Key policy criticisms
Large U.S. arms packages and monthly support commitments (e.g., suggestions of ~$1 billion per month / $500M packages) are unsustainable and hollow leadership — they offload problems onto recipients and benefit defense contractors. (Contemporary reporting also notes approval of $500M-class packages under a new NATO funding mechanism.)
Reuters
The U.S. industrial base cannot quickly replenish munitions and inventories if shipments continue at current rates; even if fighting stopped, it would take years (estimates in the transcript range from 5–7 years if very efficient to 8–10 years realistically) to rebuild stockpiles. The speaker worries prolonged aid will erode U.S. national security capacity.
Air & Space Forces Magazine
Accusations about the administration(s)
The speaker describes the current administration as extremely “transactional” and motivated by money: ambassadorships for donors, lucrative defense deals, and other forms of “legalized grift.” This theme is used to argue the present leadership is as corrupt as its predecessor.
The speaker rejects the claim that selling/arming allies is true leadership, arguing instead that simply providing weapons and saying “what you do with it is your problem” is a failure of statesmanship.
Assessment of allies / NATO
Some NATO members have increased defense spending (example noted: movement from 2% to 5% by some members), but the speaker contends contributions are uneven and there is no unity of command or purchases, with much equipment bought from the U.S. (which benefits U.S. industry).
The speaker is skeptical that European fiscal problems and reliance on U.S. equipment make the current path sustainable.
Geopolitical and strategic risks
China is profiting and learning from the Ukraine conflict: it can outproduce the U.S., has used Ukraine as a testing ground for weapons, and is exporting advanced missile and radar tech to regional actors (Pakistan, Saudi Arabia, Egypt, Iran, possibly Turkey), which will shift regional balances and complicate U.S./Israeli defenses.
The global move away from the dollar (treasury sell-offs, diversification) is tied to sanctions-strategy lessons (e.g., how the West treated Russia), accelerating alternatives and weakening U.S. leverage.
Tone and rhetorical moves
Repeated use of moralizing and personal critique: the speaker expresses disappointment and “buyer’s remorse” about leaders once trusted, mixes policy critique with moral accusations (corruption, incompetence), and uses rhetorical devices to emphasize that repeating failed policies is foolish.
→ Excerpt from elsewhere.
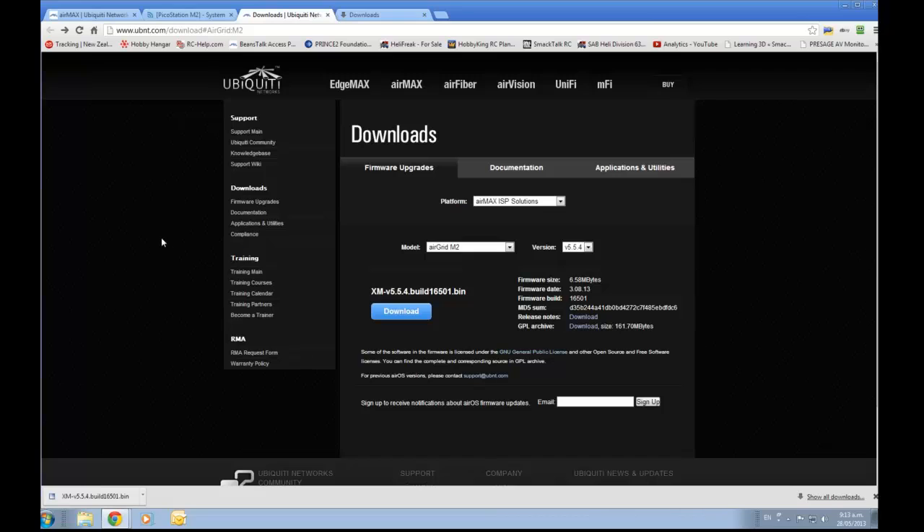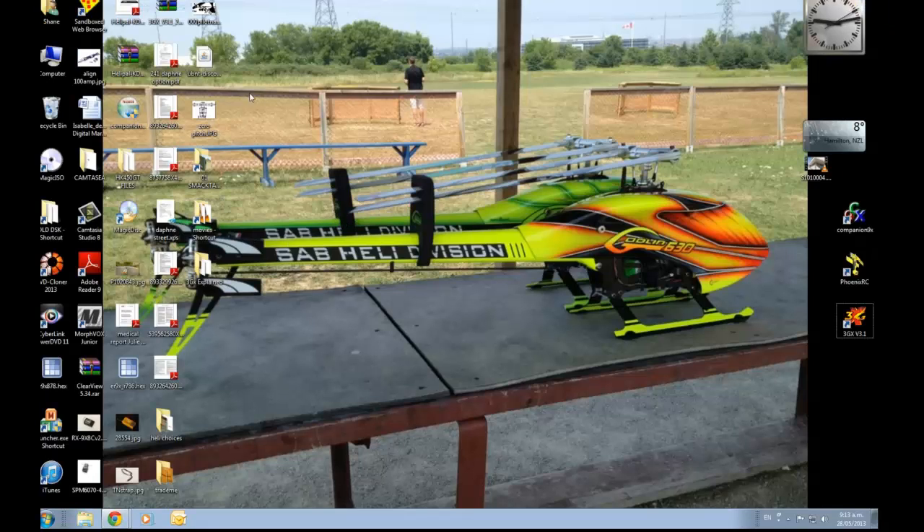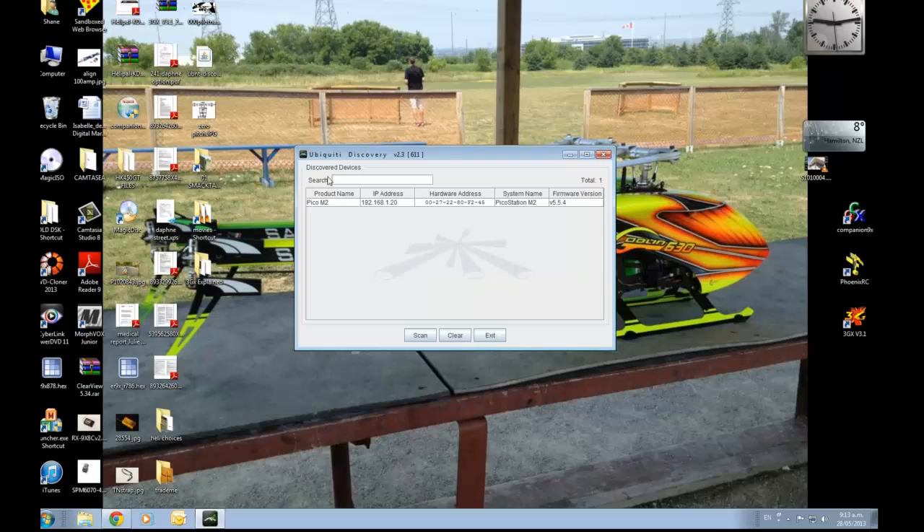There is the discovery software. I've got it loaded here — it was in the download section. All you need to do, if you don't know the IP address of your wireless devices, is search for all wireless devices that are Ubiquiti. It's looking at the Ubiquiti protocol.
The speaker alternates detailed operational concerns (munitions timelines, defense industrial base limits) with broad normative claims (leadership failures, corruption, geopolitical decline).
Bottom-line takeaways
Relying on continued, large weapons shipments and hoping punishment will force Russia to negotiate is a failing strategy and risks long-term U.S. military readiness.
The administration’s tactics are portrayed as transactional and financially motivated rather than strategically coherent.
Strategic competition with China and proliferation of advanced weapons to regional states pose longer-term, possibly irreversible, shifts in military balance.
Restoring U.S. stockpiles and industrial capacity will take many years and significant policy planning; continuing current aid patterns will deepen that vulnerability.
Reaction to Trump's address at the United Nations. Trump wants the Europeans, and China and India, to stop taking Russian oil, but this won't happen for the latter two blocks, and if the Europeans participate they'll sink their economies. Macgregor points out that the world is not in the same state geopolitically as it was in 1991, as Trump pretends, and that the war will end on Russian terms.